Now I would say it was survivor’s guilt. By a fluke my father had made it out of Poland and so his children had been spared all of this. I wanted to make it up to my Polish family for all they had suffered. But how? There was no plan. And no relief.
He was reproaching her—for what? Her weakness?—and he was recasting her response as self-indulgent. A useless thing that was no help to anyone.
As a man his job was not to feel. It was to act, to do something. Maybe Izabella’s father was right—feelings are what get people killed.
But dear God, if you cannot weep at Auschwitz?
I was thirty-one years old. I was a brave Pole. I felt the expectation to man up, and my emotions fell into step with my father’s. They floated off like vapor. I felt, at that moment, nothing except irritation with my mother’s weakness.
Growing up I had glimpsed [Peter’s] capacity for cold-bloodedness. I was never afraid of my father but I began to wonder how much I was the child of his darkness as well as his light. It wasn’t what my father did or said or told me. It was what he felt. At times it emanated from him like a force field. I was irradiated with his guilt. Whatever it was he had done I had to make my own peace with it.
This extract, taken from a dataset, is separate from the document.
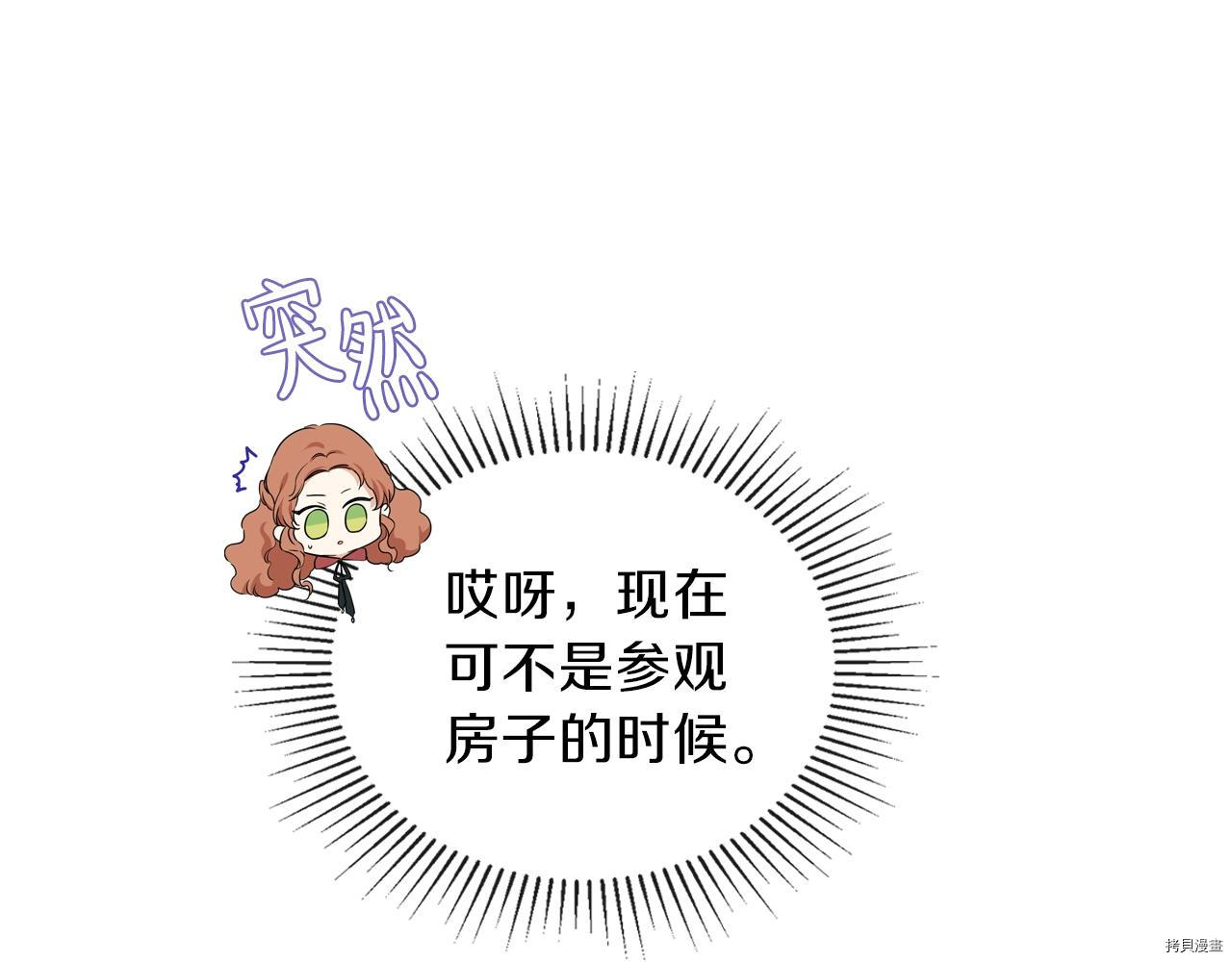 今生我会成为家主[拷贝漫画]韩漫全集-第47話无删减无遮挡章节图片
[Peter] squints into the distance as though he might find…what? Answers? Justice? Wisdom?
‘How would I react?’ he asks straight at the camera. ‘You see you don’t know your reaction until you are actually there, until you are confronted with the circumstances. There were people swearing what they wouldn’t do. And when it came to the crunch…they bloody well did it.’
My father knew that even in his war, a just war where Hitler had to be stopped, the balance of good and evil was no simple thing.
[…]
‘I was good at it. Good at organizing the aktions.’ And there it was. The bastard emotion. Hard, shining, gleaming pride.
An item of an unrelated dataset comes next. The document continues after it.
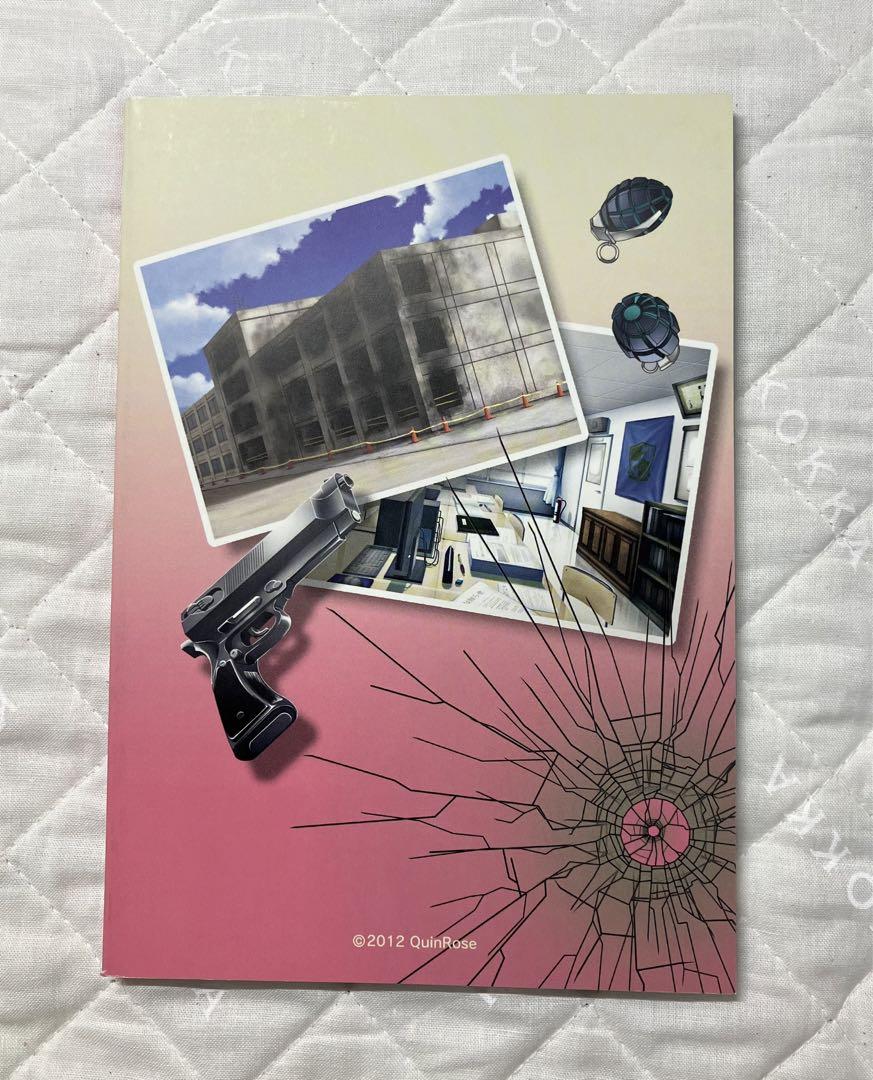 School Wars Deluxe Edition Graduation Frontline School Wars PSP Software 2-Game Set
Was it the stone of madness? His pride in his efficiency as a killer? It seemed he was simultaneously proud and ashamed of what he had done. Maybe that was what he couldn’t forgive himself for.
Was this the gift of my Irish inheritance—the ability to survive loss but at the cost of loving easily? […] when I began to sob uncontrollably—inexplicably—it was for my family. For my parents, my grandparents, my great-grandparents and beyond. And for Mary Jane’s ten nameless children buried in the cold Irish earth. And maybe also for myself. Because I wondered, in that moment, if this was why I have never had children of my own.
[Peter] was trying to cure me of weakness. In order to help me survive he thought he needed to expunge normal human frailty. […] He tried to make us strong like him because if we succumbed there was only one possible course of action. He would have to do his duty. He would have to kill us.
He was toughening me up so that he wouldn’t have to kill me.
This, then, is the stone of his madness.
‘That’s what I believe is real heroism. People who are afraid, have their pants full, and yet—they go and do something. Then you say, By God! It took courage to do that! But if you’re not afraid, it’s easy.’
And it dawns on me: that’s me. [Peter] is describing me. That is what I have just done.